WHAT IS BEING ASKED: Reproduce the section of the listing that begins at the line containing "Taxistas rechazan operación" and finishes at the line containing "Used 2025 Ford". Include both end lines and nothing beyond them.

RECORD SET:
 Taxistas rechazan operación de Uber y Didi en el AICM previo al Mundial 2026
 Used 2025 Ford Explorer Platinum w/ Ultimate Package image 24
---
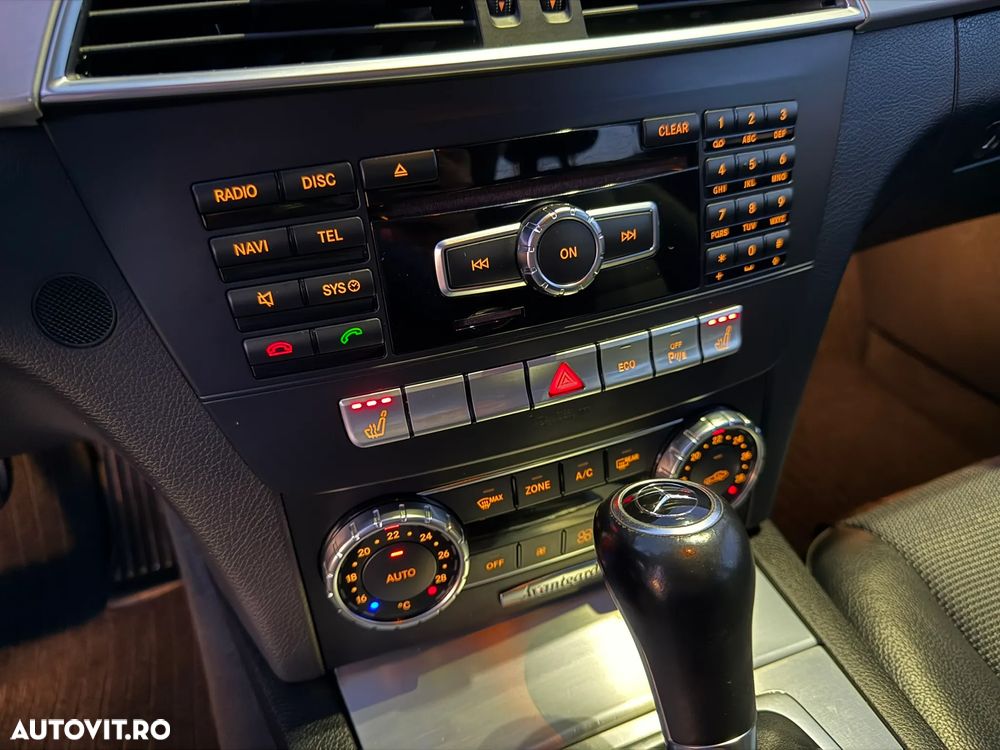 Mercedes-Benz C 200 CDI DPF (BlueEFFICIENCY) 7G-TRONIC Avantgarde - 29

COMPLETED TASK:
 Taxistas rechazan operación de Uber y Didi en el AICM previo al Mundial 2026
 Used 2025 Ford Explorer Platinum w/ Ultimate Package image 24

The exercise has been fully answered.